Rencana Pemerintah Provinsi Jakarta menerbitkan aturan mengenai retribusi sampah rumah tangga yang berlaku mulai Januari 2025 mendapat sambutan hangat dari pelaku industri pengelola sampah. Retibusi diyakini akan menciptakan ekosistem pengelolaan sampah yang lebih baik.
Ernest Christian Layman, CEO Rekosistem, mengatakan selama ini masyarakat belum memahami pengelolaan sampah juga memerlukan biaya. Misalnya, untuk pengolahan sampah organik menjadi kompos dibutuhkan komposisi yang tepat agar proses pembuatan kompos itu tidak menimbulkan bau.
"Isunya menjadi isu lahan karena proses kompos butuh waktu 21-45 hari dan proses ini berpeluang menimbulkan bau ketika komposisi karbon dan nitrogen itu tidak pas. Nitrogen dihasilkan sisa makanan, karbon dari sampah kayu kering," ujar Ernest dalam podcast GreenTalks: Retribusi Sampah Jakarta, Bisa Selesaikan Masalah? yang ditayangkan di Youtube Katadata, Senin (11/11).
Komposisi yang tepat untuk menghasilkan kompos adalah dua bagian karbon (sampah kayu) dan satu bagian nitrogen (sisa makanan). Karena itu, Tempat Pembuangan Sampah (TPS) atau Tempat Pembuangan Akhir (TPA) lokasinya harus jauh dari permukiman agar tidak ada polusi udara yang mengganggu.

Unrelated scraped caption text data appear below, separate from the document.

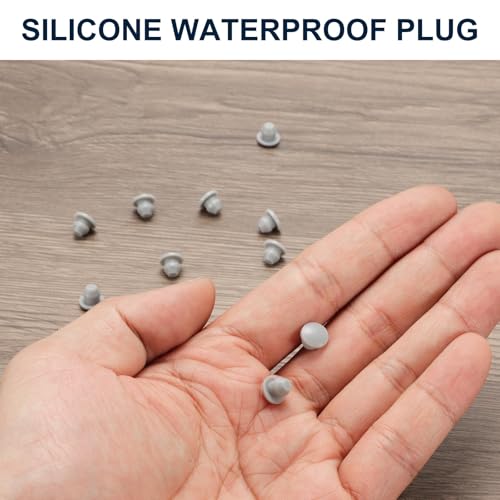 Image of uxcell 10pcs Hole Plug 3 /16 Inch (5.3mm) Button Plugs Fit for 4.5mm Hole, Snap in Locking Hole Tube Plug Gel Tube Waterproof Plug Tube Plug, Grey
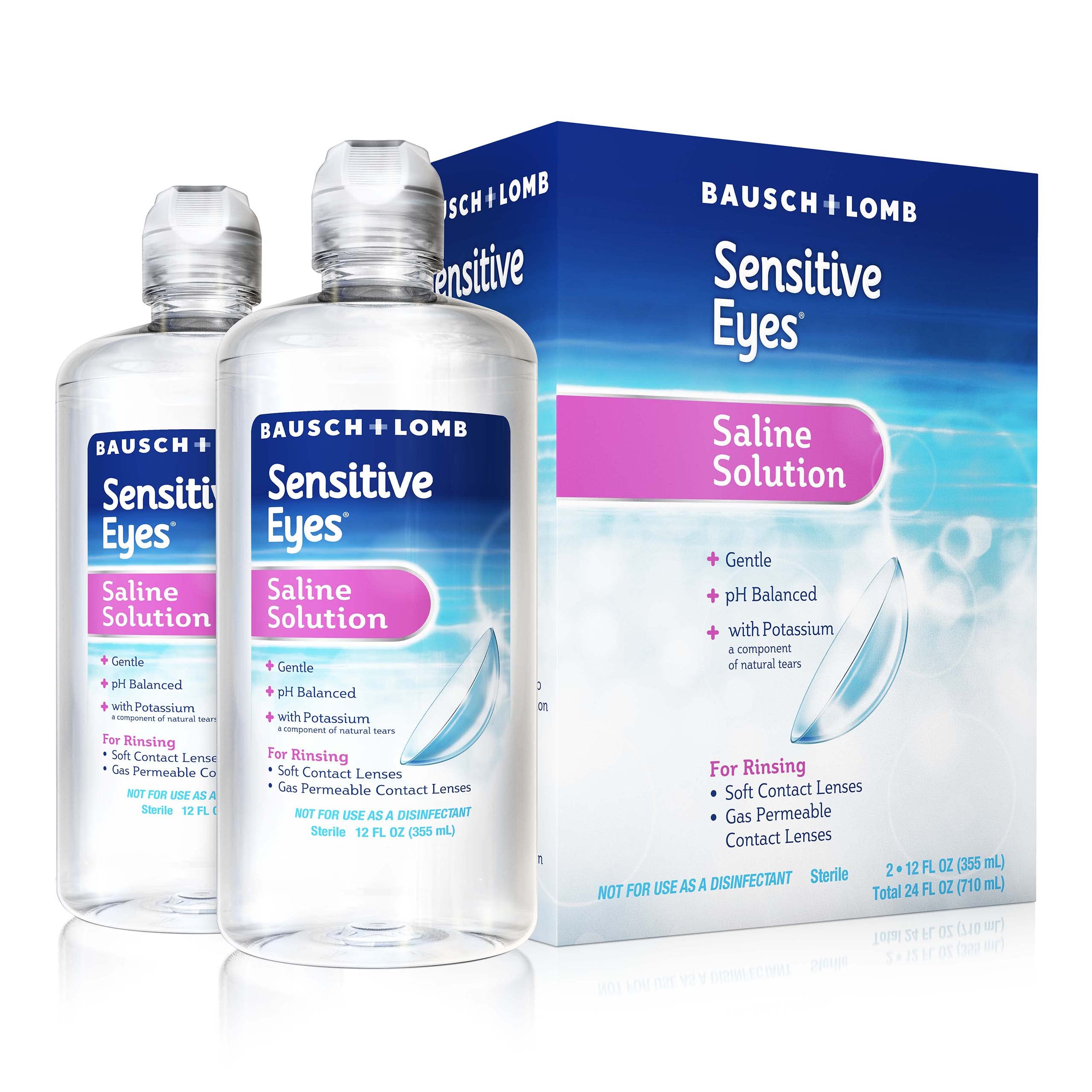 Bausch + Lomb Sensitive Eyes Plus saline lens rinse after cleaning to remove debris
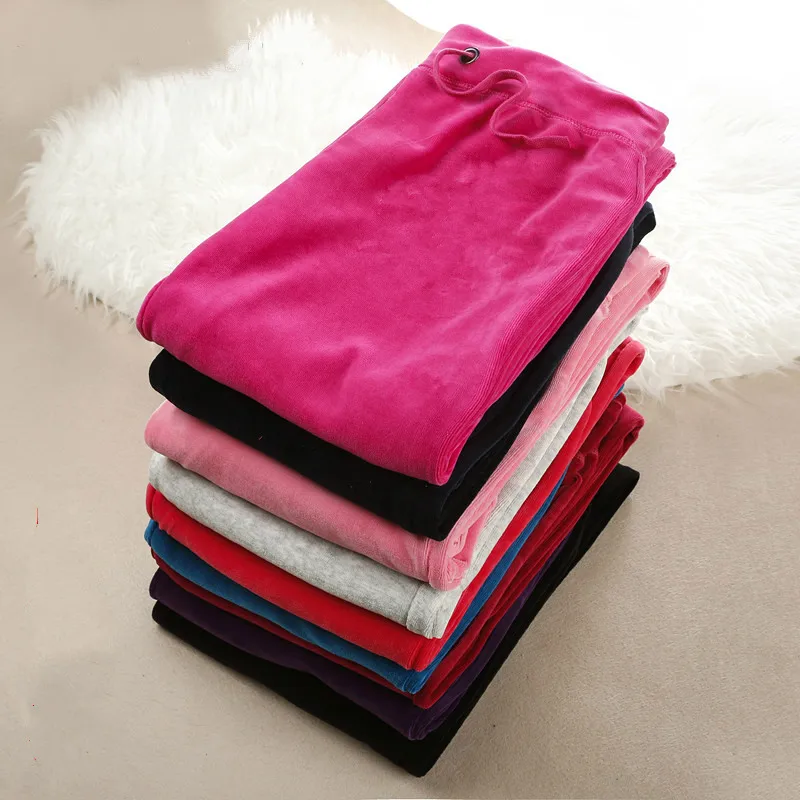

Spring and Autumn 2019 Velvet Sports Pants Female Large Size Loose Recreational Straight Pants Elastic Pants Female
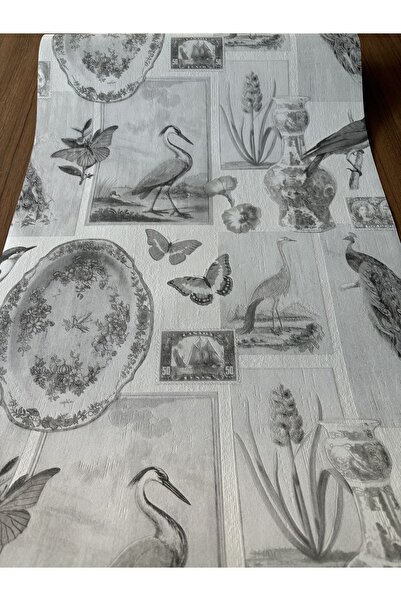 BAŞYAPI DİZAYN Gri Kuş Ve Vazo Desenli İthal Vinly Duvar Kağıdı (5m²)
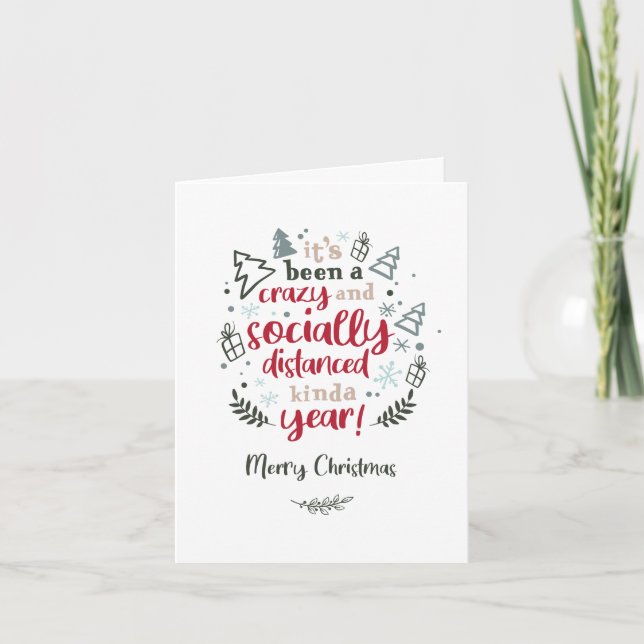 Personalised Socially Distanced Humour Christmas Holiday Card (Front)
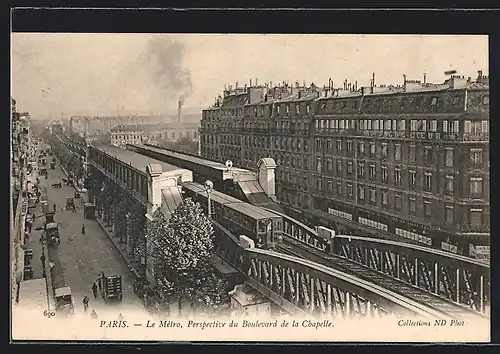 AK Paris, Le Métropolitain, Boulevard de la Chapelle, U-Bahn-Hochtrasse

Ernest menilai rencana Pemprov DKI Jakarta menerapkan retribusi untuk pengelolaan sampah rumah tangga adalah kebijakan progresif. Kebijakan ini bisa menjadi disinsentif bagi rumah tangga yang tidak memilah sampah.
Torkis Tambunan, Fungsional Madya Pengendali Dampak Lingkungan Dinas Lingkungan Hidup (DLH) DKI Jakarta, mengatakan aturan mengenai retribusi itu akan diterbitkan dalam Peraturan Gubernur. "Kami berharap pembiayaan retribusi itu akan dialokasikan kepada pemeliharaan operasional," ujar Torkis.
Menurutnya, masyarakat yang memilah sampahnya dengan baik, tidak akan dikenakan retribusi. "Ketika masyarakat mampu memilah sampah maka proses selanjutnya akan lebih mudah. Masyarakat bisa menentukan mana sampah yang didaur ulang, dimanfaatkan lebih lanjut atau menjadi residu," kata Torkis.
Pemprov Jakarta akan menyiapkan TPS 3R (Reduce, Reuse, Recycle) di 88 kecamatan untuk mendorong masyarakat memilah sampah. Sampah yang tidak bisa didaur ulang atau menjadi residu akan digunakan sebagai bahan baku RDF (refuse derived fuel), yang bisa menjadi bahan bakar pembangkit listrik.
Ernest mengungkapkan sampah anorganik yang bisa didaur ulang sekitar 30% dari total sampah yang masuk ke TPS atau TPA. Jika di Bantargebang ada 7.900 ton sampah yang masuk setiap hari, seharusnya ada sekitar 2.400 ton sampah anorganik yang sudah dipilah tetapi itu juga belum semuanya bisa terserap.
"Ini yang menjadi tantangan kenapa harus ada bank sampah. Harus ada dorongan agar permukiman melakukan pemilahan sampah dulu kemudian ke bank sampah," tutur Ernest.
Sampah yang masuk ke bank sampah pun belum semuanya bisa didaur ulang dengan optimal. Berdasarkan survei internal maupun survei komunitas yang dilakukan Rekosistem, sampah yang masuk ke bank sampah hanya bisa terserap 10%. "Padahal potensinya (sampah anorganik) bisa 30% dari total sampah," kata Ernest.
Ia juga mengungkapkan pengolahan residu menjadi RDF saat ini juga masih mahal. Itu sebabnya RDF menjadi bahan campuran (co-firing) untuk pembangkit listrik batu bara, misalnya. "Kalau dicampur betul, RDF ini kurang lebih kalorinya bisa sama seperti batu bara, bahkan bisa sedikit lebih murah," ujarnya.
Torkis menambahkan untuk mengelola volume sampah di TPA, DLH DKI akan menambah kapasitas RDF. Selain itu, DLH juga menggerakkan pembuatan kompos atau memanfaatkan sampah organik untuk budidaya maggot yang bisa digunakan untuk pakan ternak.
"Mengurai sampah organik yang paling berisiko tinggi karena ada gas metana di dalam sampah organik jadi harus diurai lebih dulu," ujar Torkis. Dana dari retribusi yang dipungut dari masyarakat itulah yang akan digunakan untuk penambahan fasilitas-fasilitas ini.